“She was free in her wildness. She was a wanderess, a drop
of free water. She belonged to no man and to no city.” - Roman Payne (“The Wanderess”)
We have all heard it; some of us have fallen for it; some of us have denied it; You are only as old as you feel! Well, these days, a whole lot of us are
feeling 150 years old. We have fallen
into the hardest part of the journey.
Yes, there are some days when physically, we do not feel in our 70s, but
do something other than sit on a chair, lay on the couch, get up in the
mornings, and we soon remember. None of
us meant to have this happen. Our body
is wearing out; everyone's is.
Intellectually we might be sharp as
tacks and fend off the f'eel-gooders'.
Some us have committed to not
go down without a fight. Emotionally,
most of us, if we have surrendered to the aging process as normal, have already
had full lives and this is just the calm before the next 'shit-storm'. A few pains ago, we were still hopeful as
heck. Then, it slowly turns into knee
burns, shoulder burns, and hip hurts and we ride it through as best we can and
hope for an end to the low pressure weather, the high pressure weather, the hot
days where we can hardly breathe, the cold days where we wrap up in layers of
comforters. Spiritually, we think we can
do this, most days. Spiritually, we know
we cannot do a danged thing about it and we gape at our gnarling fingers and
feet and feel like we will not go through this for long before we give up. Sometimes, amidst the shadowy world of pain
and hopelessness, the sun shines through and we suck to that as if it were a
magnet and we were made of iron.
Somehow, we find those moments of belief
that we can do this with dignity and grace.

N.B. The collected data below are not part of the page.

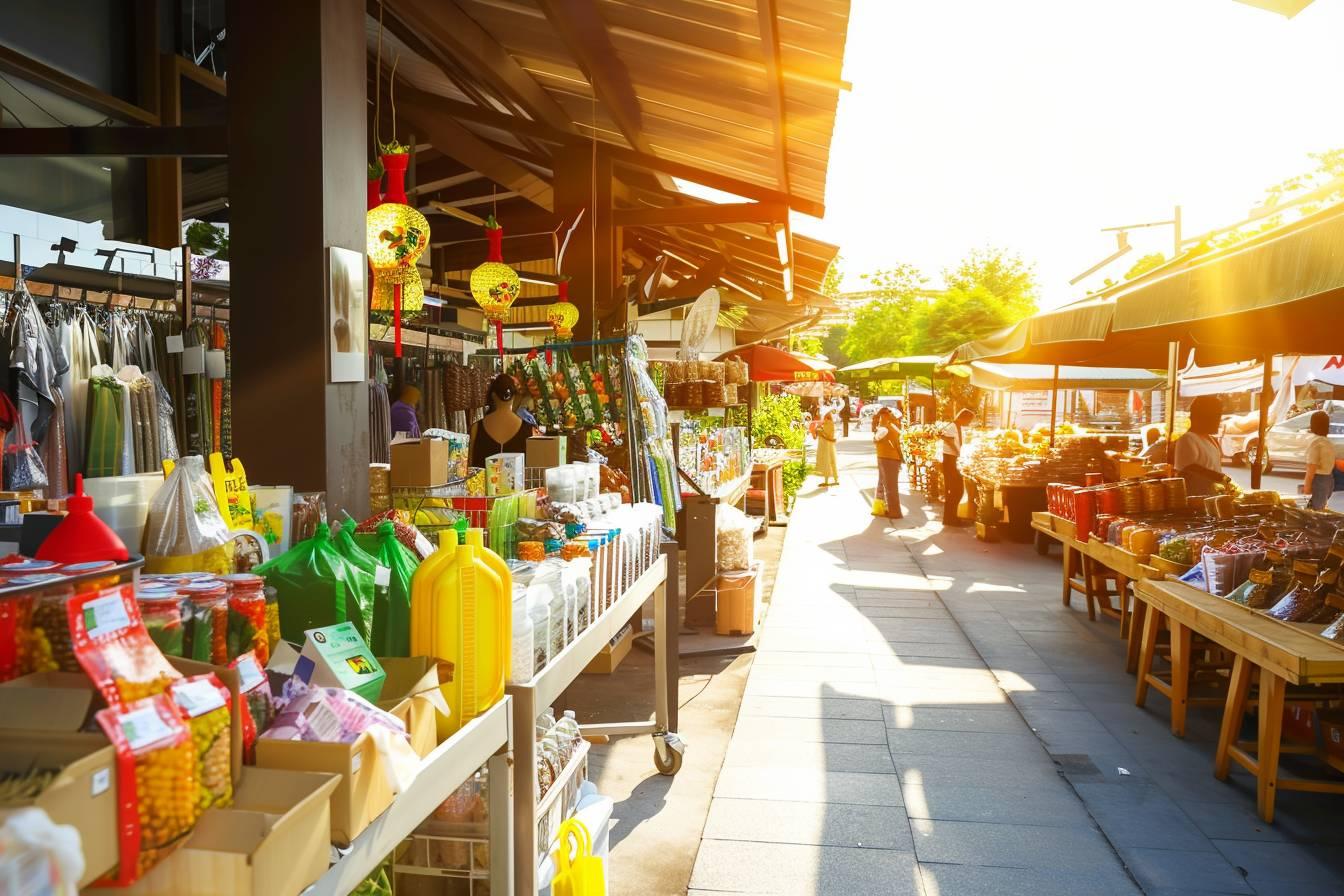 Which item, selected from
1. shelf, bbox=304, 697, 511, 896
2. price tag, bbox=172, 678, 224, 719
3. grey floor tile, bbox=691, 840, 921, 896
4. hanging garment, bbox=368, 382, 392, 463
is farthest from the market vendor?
price tag, bbox=172, 678, 224, 719

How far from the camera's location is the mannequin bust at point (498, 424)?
5902 mm

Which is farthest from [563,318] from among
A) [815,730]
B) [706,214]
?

Next moment a brand new pain appears in a place we did not know we had,
and we simply can do nothing but go lie down for a nap. Most of us try to stay active. In my case, I forget that I cannot do the
whole house in one wide swath in twenty minutes, and I give it a go, only to
get half a floor vacuumed and mopped and I am done in. Part of what gives us
hope is seeing this as a new journey and we do know the ending and some of us
are running (ok, not fast, but walking fast as we can) towards that end. Some of us are meandering. Some of us are scraping our heels as life
drags us on. This is the truth of it.
Sometimes you can get your head on
straight after a whole block of time of shaking it. I am grateful to have my art to take a time
out without guilt. Yes, guilt. We are still the driven generation. Most of us give into the guilt and sink into
light depression. Most of us can get
over it and keep on keeping on. And,
yes, we take pills to do so. There is a
societal shaming for this. Well, when
they hurt as badly as some of us, they will understand. Sometimes, ok, well, most times, it is
quality over everything else.
We learn to cull things in our
lives; past crap, past guilts, past
shames, etc. And we learn, by experience,
not to try to balance on ladders, balance on gravel, balance when first
standing up. It sometimes seems like losses
outweigh the gains except we need to be proud of ourselves for simply carrying
on and getting out of that bed in the mornings to step into the arthritic pain
of mornings. Everything can feel
uncertain, and, of course, it is. We
begin to pare down our lives, our bucket lists, our 'things to do'; replacing
them with, 'I can do this but not this' lists. We scuff off our old misgivings
and fears and regrets because we know, by now, that there is nothing else we
can do. We get rid of things that don't
fit (ok, don't go there..my resolution for this year is no body shaming) and we
are willing to say we do not have the energy we once had. We seek to trust things we have learned to
trust, people we have learned to trust, and places we feel safe in. We try to love that/those that have earned
our love. We have to really push ourselves to be engaged not enveloped in a
bubble of self and aloneness. We learn
to transition and that transitions are not losing, they are changing for
something better. This is a Human Being
being a Human Being and we have sailed through life, managing the storms, and
coming out grateful or we have come to this part of our journey water-logged
and listing. It was always our choice
how the storms affected us.
If your life does not go as you thought
you had planned it, then plan it again and make those changes that make this
part of the journey more palatable. We
are not our parents' seventies. We are
not our ancestors' seventies, if they made it that far. We are not our children's seventies. We are ours and this is a brand new
experience for us. We will make of it
what we make of it.
I still have some wildness in me. It shows up, sometimes very unexpectedly,
when I do something I thought I could not, should not, would not. We are all flowers in the gardens, or weeds,
but whatever, we are unique and our seventies will be unique to us too. Be wild, sister-friends; be wild in whatever
part of your journey you are on.
©Carol Desjarlais 6.3.19
If my body could handle the wild me , wild I would remain, Never have I been this passive, give me a reason to be wild at least there would be some feelings, I want to go camping, plant a garden and travel on the big red just a few more times , wild is good especially the thoughts of it.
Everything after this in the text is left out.